The sensibility across multiple conversations and events attended by Closed Loop Partners was that these forces have pushed climate-related innovations out of the silo of Corporate Social Responsibility (CSR) programming or parallel initiatives designed with a primary mandate to “give back.” Instead, we are seeing broader integration of circular economy and climate-related initiatives and investments entering the C-suite through supply chain, procurement, operations, and shareholder expectations. This means we are seeing corporations adopt transformations with an explicit economic mandate that can simultaneously facilitate a lower carbon, more circular future. Companies with this multidimensional mandate are those that Closed Loop Partners’ Ventures Group partners with and we are proud of the companies in our portfolio that are shepherding the economy into its next, more circular future.

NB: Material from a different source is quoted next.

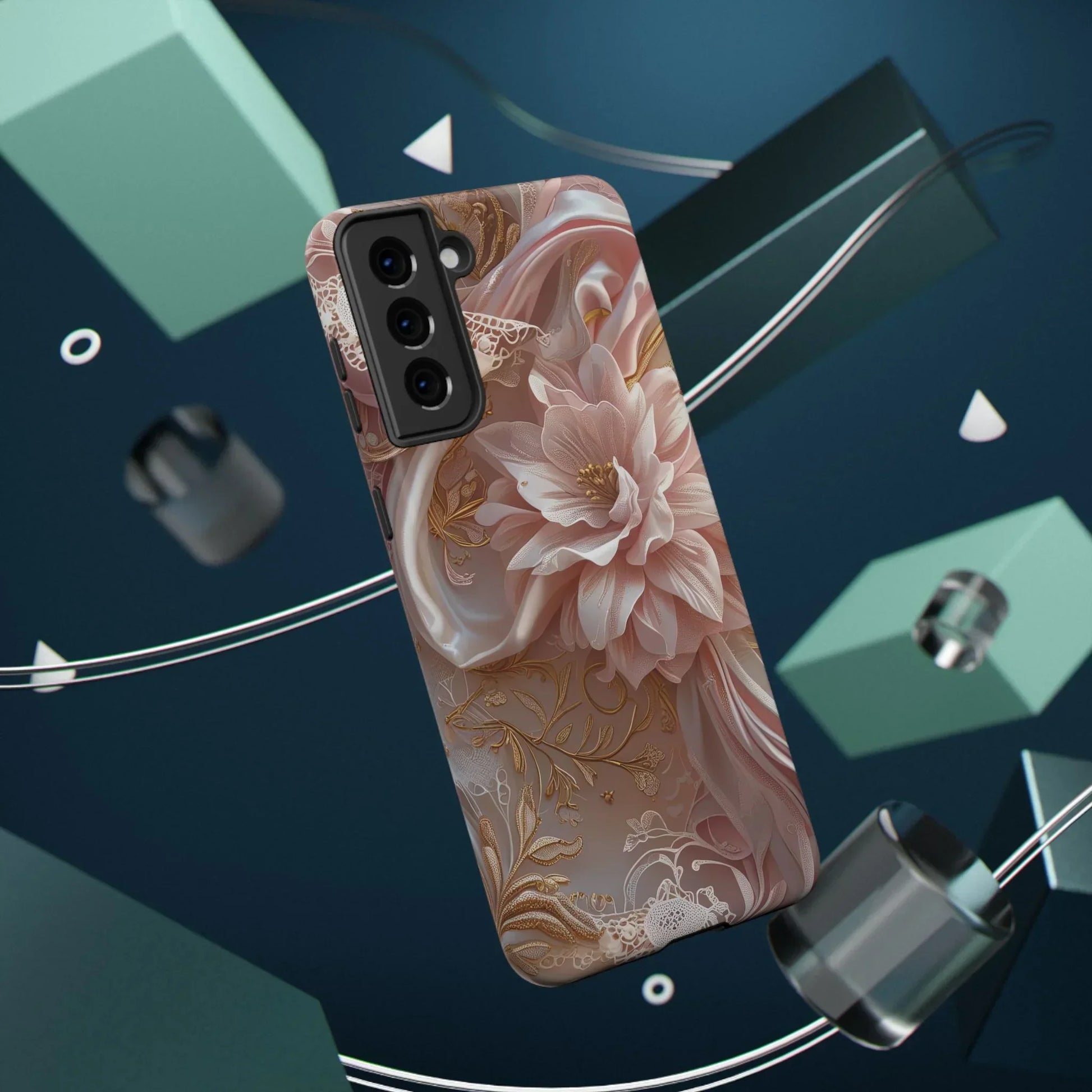 Elegant Floral Impact-Resistant Phone Case for iPhone 12-16 and Samsung Galaxy S21-S22 Models - KarArmDesign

As these transformations accelerate, so too does the need to drive mutual benefits for players further up and downstream from the products and services that we consume every day. In that spirit, value chain resilience continued to be top-of-mind across Climate Week events. Late last year, my team published a report outlining the catalytic power of mutually beneficial supply chain transparency in the next generation circular economic model. Whether from building up new, localized ecosystems through domestic or nearshored manufacturing or from actively creating value for legacy suppliers in an established ecosystem (e.g., parts manufacturers in automotive, mills or cut-and-sew players in the fashion value chain), companies can enable innovations that reduce waste, reduces full value chain liability, and – ultimately – facilitates a just transition for the ecosystem more broadly and builds future resilience.

This is no small task ahead of us; however, it is one that we – and much of the climate tech community – are embracing with open arms a transformation of how industry works. We are energized by novel solutions to tough problems and there is no shortage of both problems and solutions to take on in the coming months and years. Above all, the climate VC community is one of unfailing optimism. At the cusp of this transformation, we’re honored to be thought leaders on the circular economy and look forward to playing a small part in advancing the world toward the next generation of circular ecosystems.